Some carvings made to degrade Jews are still on the walls of working churches. What does a society do with a hateful object that is also a historical document?
The Judensau relief (c. 1305) on the exterior of the Stadtkirche in Wittenberg, Germany, photographed in place; sculpture in the public domain by age. Photograph by Posi66.
The Makor Project · Unit 6: Memory & Responsibility · Topic 8 of 9
Topic · The Afterlife of the ImageRecommended for · Grades 9–12 · College Survey Courses

The Afterlife of the Image

On the outside wall of a working church in Germany, figures labeled as Jews are carved nursing from a pig, the animal Judaism holds unclean. It was put there around 1305 to humiliate, on the church where Martin Luther later preached. It has weathered seven hundred years of rain. It is still there.

Why this Topic exists

A hateful object can also be a historical document.

Most of these Units deal with hatred as something that happened, a charge made, a law passed, a community uprooted. This Topic deals with what hatred leaves behind in stone. It turns on a question with no comfortable answer: what should a society do with an object built to degrade a living people, when that same object is also evidence of how the degrading was done?

The question is not abstract. Across Germany, and in a few places beyond it, medieval carvings made to insult Jews are still fixed to the outsides of churches, not in museums, but on buildings people still use. Some have stood for seven hundred years. In the past few decades, communities and courts have had to decide whether they stay, come down, or stay with something added to answer them. Watching how that decision gets made is one of the clearest ways to think about a problem every society eventually faces: what to do with the monuments a later age comes to find shameful.

Two objects, one purpose

Contempt in two registers.

Medieval Christian art found more than one way to put Jews in their place on the walls of churches, where nearly everyone could see them and almost no one could read the theological arguments behind them. Two kinds of image did the work, and both survive.

A medieval stone statue of a woman, elegantly carved, standing with a serpent coiled across her eyes, holding a broken staff, with tablets slipping from her lowered hand.
“Synagoga”, the figure representing Judaism, on the facade of Notre-Dame de Paris, with a serpent coiled across her eyes, her staff broken, and the tablets of the Law slipping from her hand. She was paired with “Ecclesia,” the Church, shown upright and crowned. Notre-Dame de Paris; sculpture in the public domain by age. Photograph by Olivier Bruchez, Lausanne. CC BY-SA 2.0.

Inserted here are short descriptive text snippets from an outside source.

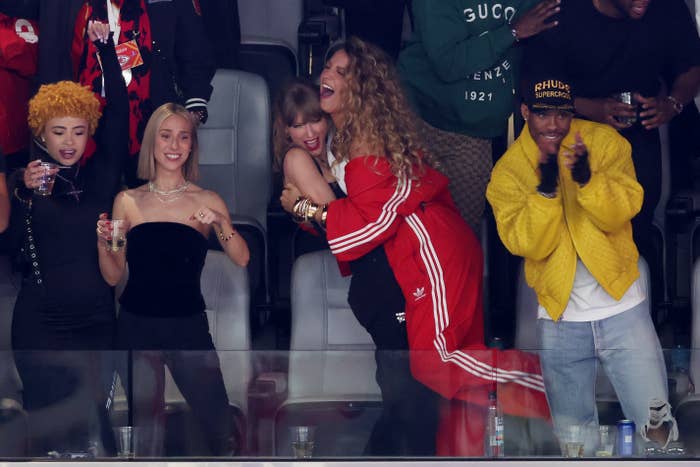 Group of people cheering at an event, one person in a red tracksuit hugging another from behind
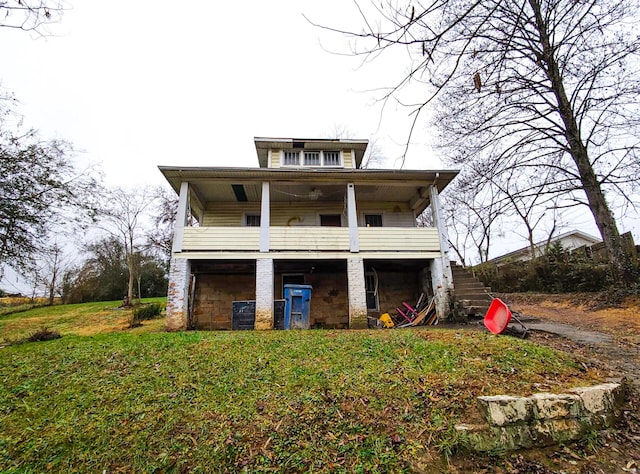 view of front of home featuring a balcony and a front lawn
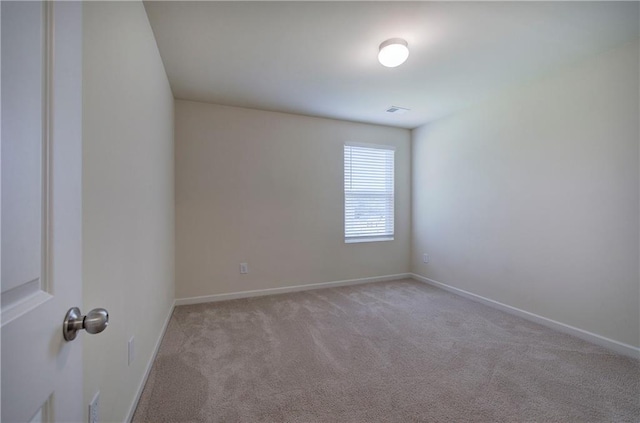 unfurnished room with baseboards, visible vents, and light carpet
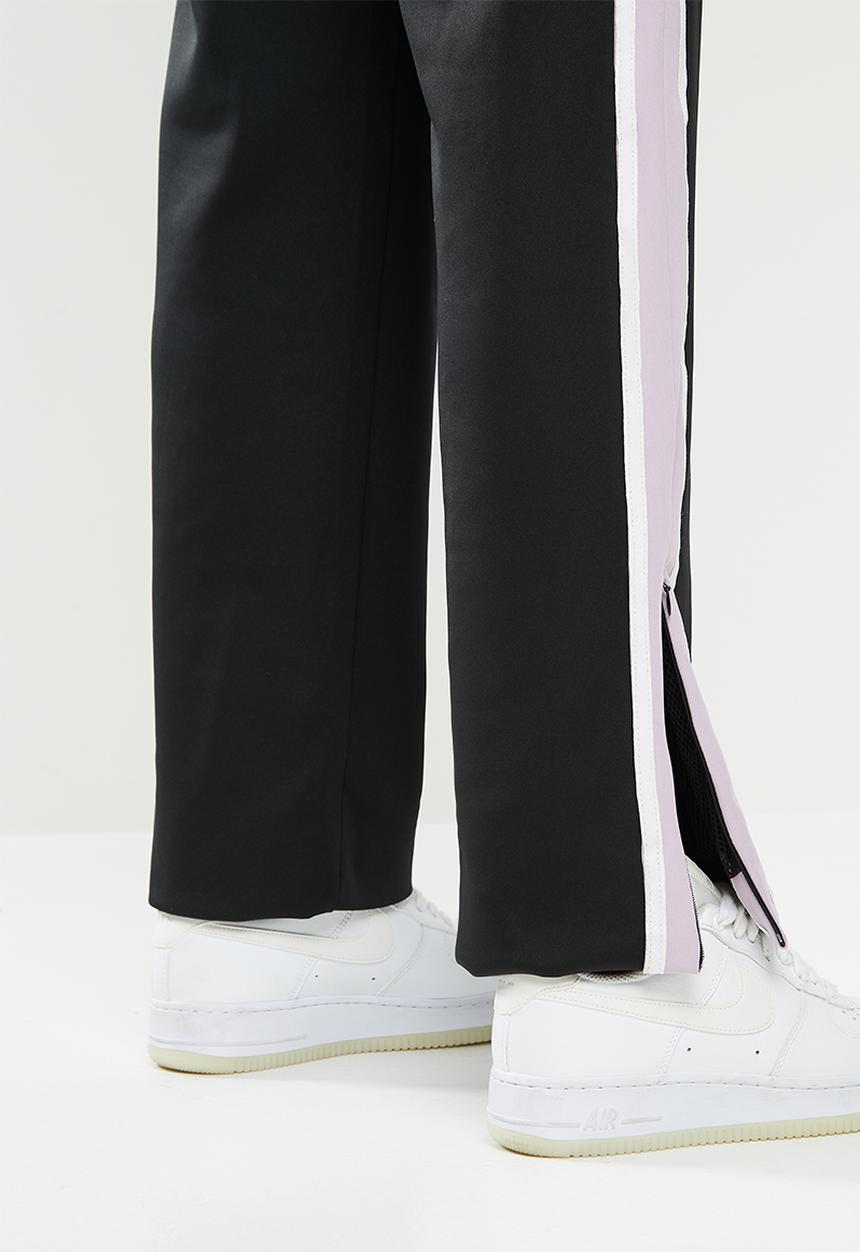 SISSY BOY - Track pants with zippable ankle areas - black & lilac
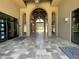 The clubhouse showcases a grand entrance with an arched walkway and elegant tile flooring at 6557 S Classic Way, Gilbert, AZ 85298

The first register is dignified cruelty. In the Ecclesia and Synagoga pairing, two graceful female figures stand on either side of a church doorway: Ecclesia, the Church, upright and crowned; Synagoga, Judaism, her eyes covered, her staff broken, the tablets of the law slipping from her hand. How that blindness is shown carries its own meaning. At some cathedrals it is a simple cloth blindfold, a passive failure to see. At Notre-Dame de Paris, shown here, it is a serpent coiled across her eyes: a sharper charge, tying her to the serpent of the Garden of Eden and suggesting she was actively led astray rather than merely left in the dark. The message is delivered through beauty, the Jew is not monstrous here, only superseded, too blind to see a truth she is meant to have missed. This is the same supersessionist claim treated in the Unit 3 Topic on Adversus Judaeos: the Church as successor, the synagogue as the superseded predecessor.

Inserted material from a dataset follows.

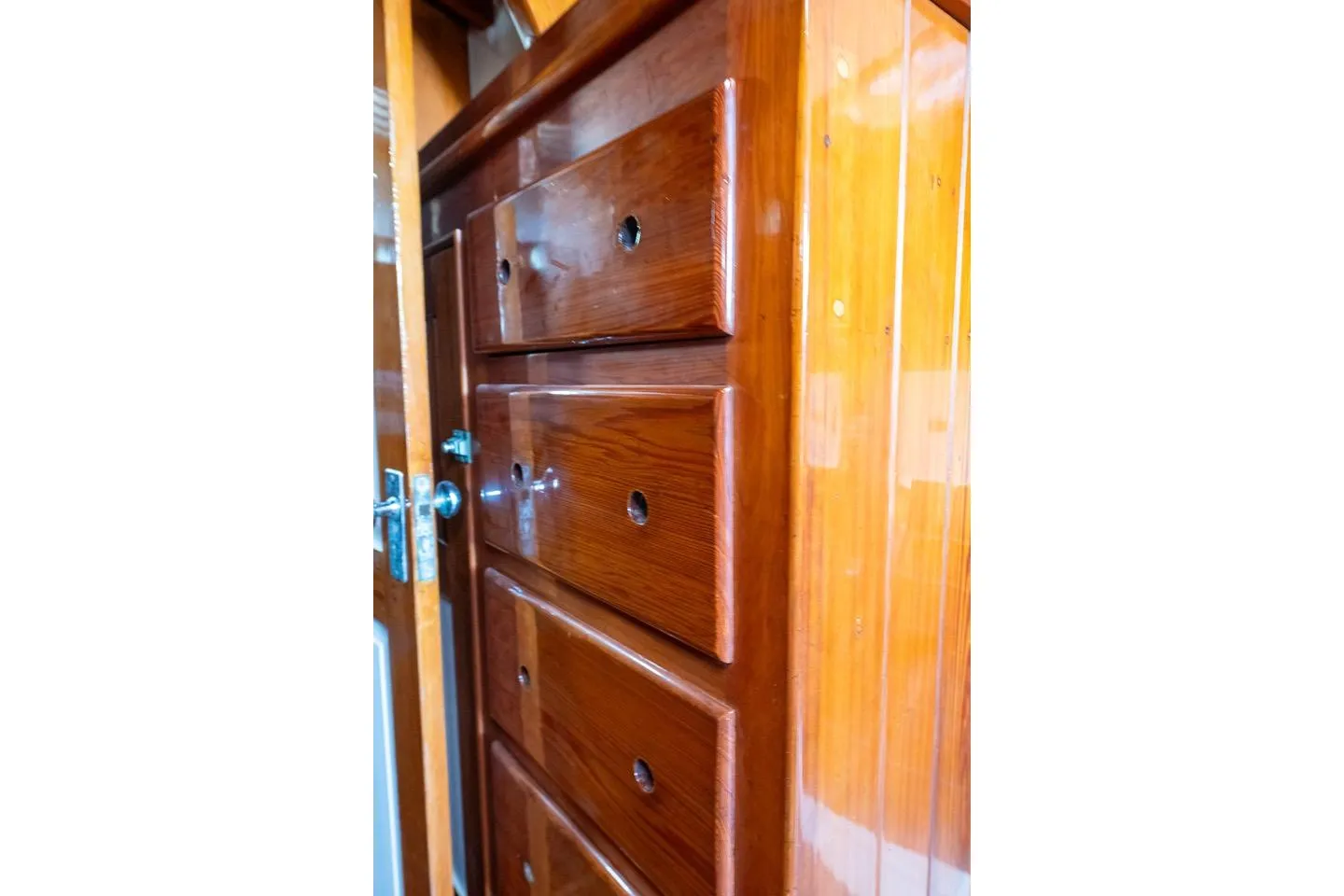 Polished wooden drawers inside a 1938 Philip Rhodes Cutter boat.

These paired figures were carved across medieval Europe, and they survive today in varying conditions. Some still stand where they were placed, on the façades of working cathedrals. Others, fragile after centuries of weather, have been moved indoors into museums or church interiors to protect them, with weather-resistant copies set in their original outdoor places. And some did not survive at all, lost or damaged over the centuries, including during the destruction of the Second World War, and in places replaced by later restorations on the original cathedral fronts.

A 1596 printed engraving showing a large sow with several figures, labelled in Latin and Hebrew script, beneath the words Rabini Schem HaMphoras. Decorative border around the plate.
A 1596 printed engraving depicting the Wittenberg Judensau, with the “Schem HaMphoras” inscription. The print spread the image far beyond the single church wall. Engraving printed by Wolfgang Meissner, Wittenberg, 1596; in the public domain by age. (after Schöner, Judenbilder, 2002). Public domain.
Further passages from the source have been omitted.